Try it ▸ The records are set out below this line. Return exactly the lines from the one containing "Thanks so much" through the last, and exclude the pictures.

== Segment start ==

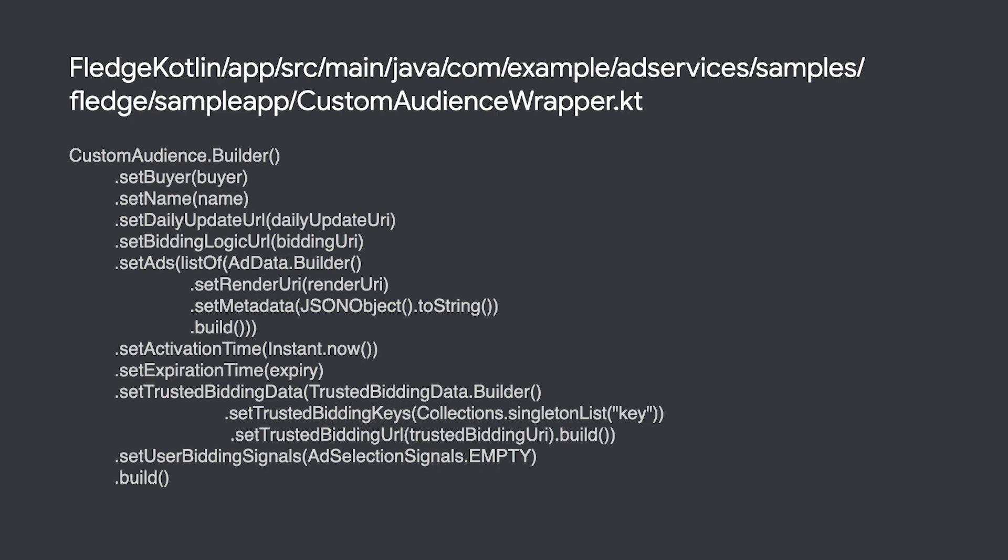In your remarketing use case, let's say the user has tapped add to cart on an item they are interested in. At this point, you can use Fledge to add the user to items left in cart audience to know that this user is a good candidate to receive ads to entice them to complete their purchase at a later time. Our sample app triggers this event when a toggle is selected to join one of the custom audiences.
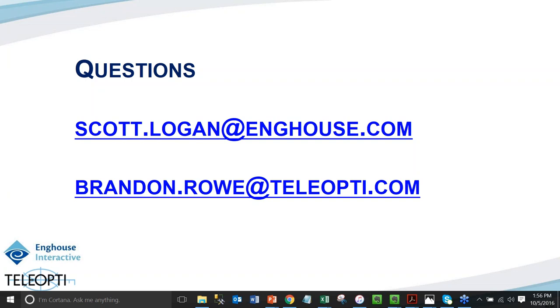Thanks so much for your time, Brandon, Scott, and Dave for jumping on and helping us learn more about workforce management and the tools that are available. The webinar recording and slides will be sent to all registrants in the days following the webinar. Thanks again for joining us and we hope you have the rest of a great day.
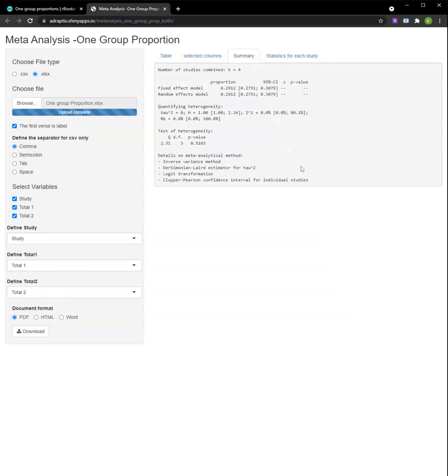Under the summary tab, our desired statistics can be found. From the fixed effects and random effects model, the proportion can be judged to be around 0.3.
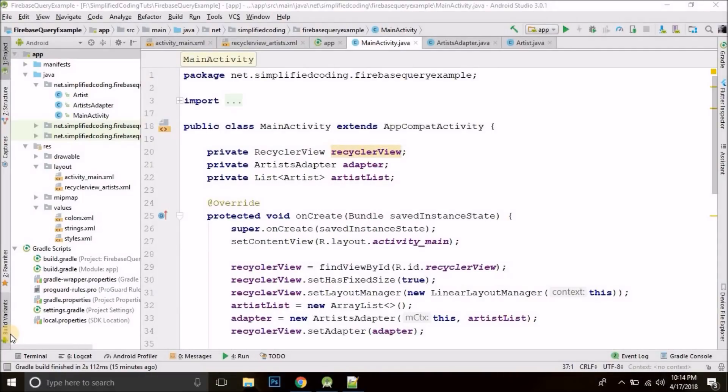Hi guys, this is Belal Khan and you are watching Simplified Coding. I hope you remember the Firebase Real-Time Database series. If you don't, go to that series first before watching this video.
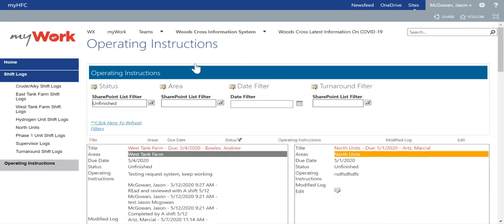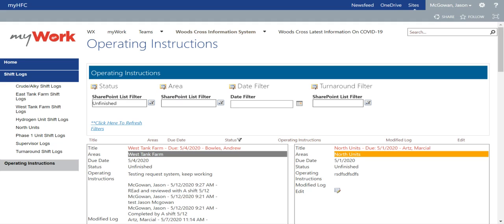In this page, you will see a few options near the top. You can search by status, which is unfinished or completed operating instructions. You can search by area, and it has each area of their facility included. You can filter by date, or you can filter by turnaround status.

== Segment end ==

Exercise answer ▸
Thanks so much for your time, Brandon, Scott, and Dave for jumping on and helping us learn more about workforce management and the tools that are available. The webinar recording and slides will be sent to all registrants in the days following the webinar. Thanks again for joining us and we hope you have the rest of a great day.
Under the summary tab, our desired statistics can be found. From the fixed effects and random effects model, the proportion can be judged to be around 0.3.
Hi guys, this is Belal Khan and you are watching Simplified Coding. I hope you remember the Firebase Real-Time Database series. If you don't, go to that series first before watching this video.
In this page, you will see a few options near the top. You can search by status, which is unfinished or completed operating instructions. You can search by area, and it has each area of their facility included. You can filter by date, or you can filter by turnaround status.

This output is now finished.